US 12,229,259 B2
	Method and system for detecting malicious files in a non-isolated environment
Nikolay Sergeevich Prudkovskij, Moscow (RU)
Assigned to F.A.C.C.T. NETWORK SECURITY LLC, Moscow (RU)
Filed by F.A.C.C.T. NETWORK SECURITY LLC, Moscow (RU)
Filed on Jan. 27, 2022, as Appl. No. 17/586,010.
Application 17/586,010 is a continuation of application No. PCT/RU2020/000089, filed on Feb. 25, 2020.
Claims priority of application No. 2020107922 (RU), filed on Feb. 21, 2020.
Prior Publication US 2022/0164444 A1, May 26, 2022
Int. Cl.

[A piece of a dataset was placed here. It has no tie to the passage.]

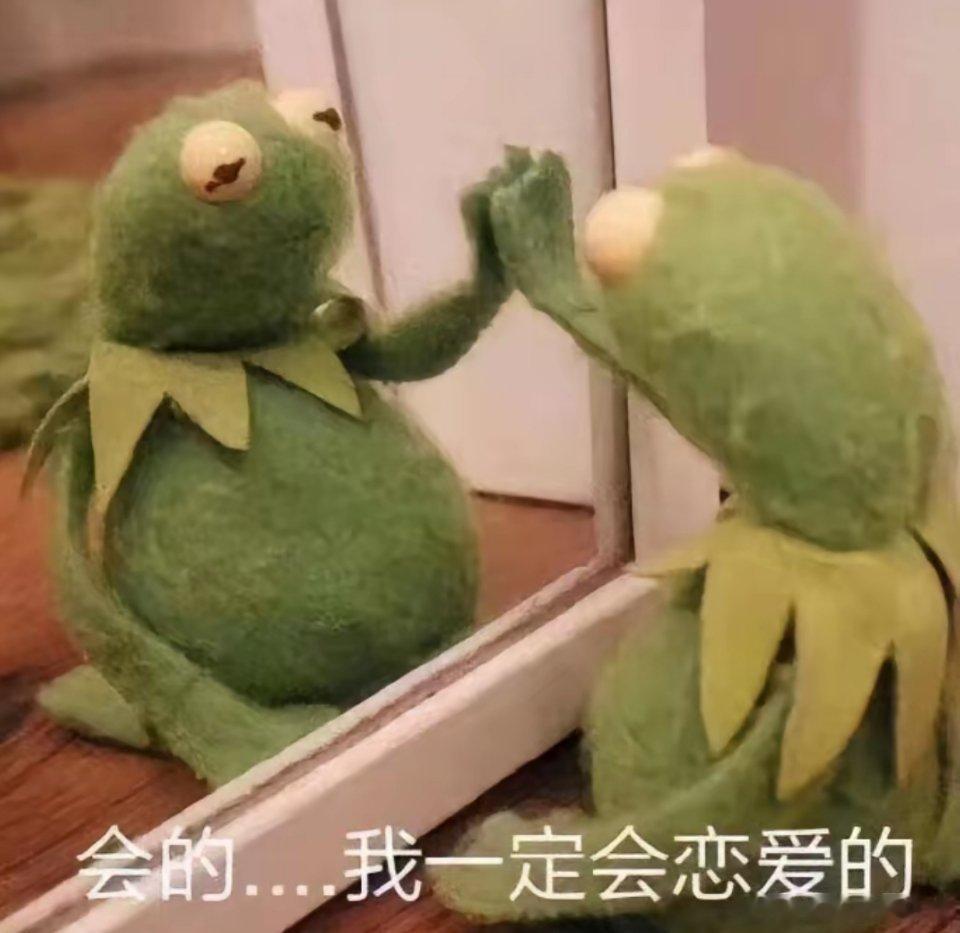 真的会有人在婚恋网上找对象啊？！我感觉好不靠谱啊，而且它还收集好多隐私信息ℹ️，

G06F 21/56 (2013.01)

CPC G06F 21/562 (2013.01) [G06F 2221/033 (2013.01)]

18 Claims

1. A computer-implementable method for detecting malicious files in non-isolated environment, the method comprising:

during a training phase:

acquiring plurality of executable files including at least one malicious executable file and at least one non-malicious executable file;

analyzing a binary form of the given executable file to obtain a first data associated with the given executable file,

the first data comprising a Byte/Entropy Histogram associated with the given executable file;

the analyzing comprising analyzing at least one selected from the group consisting of: byte n-grams, data of fields of the given executable file, a file section entropy, metadata of the binary form of the given executable file, and line length distribution histograms;

analyzing a disassembled form of the given executable file to obtain: (i) a second data associated with the given executable file; (ii) a control-flow graph associated with the given executable file, and (iii) a data-flow graph associated with the given executable file,

the second data being different from the first data;

determining based on data including the first and second data, parameters of the given executable file;

determining the parameters of the given executable file as being indicative of one of a malicious executable file and a non-malicious executable file;

generating, based on the parameters, at least a first feature vector and a second feature vector;

generating, based on the control-flow graph, a third feature vector;

generating, based on the data-flow graph, a fourth feature vector,

each one of the first feature vector, the second feature vector, the third feature vector, and the fourth feature vector being different from an other one thereof; and

training an ensemble of classifiers to determine if a given in-use executable file is one of malicious and non-malicious, the training comprising:

training a first classifier of the ensemble of classifiers based on the first feature vector;

training a second classifiers of the ensemble of classifiers based on the second feature vector;

training a third classifiers of the ensemble of classifiers based on the third feature vector; and

training a fourth classifiers of the ensemble of classifiers based on the fourth feature vector;

assigning to each one of the ensemble of classifiers, a respective decisive priority value,

the respective decisive priority value being indicative of a respective weight assigned to a prediction outcome of a given classifier of the ensemble of classifiers, the respective weight having been determined based on prediction accuracy of the given classifier.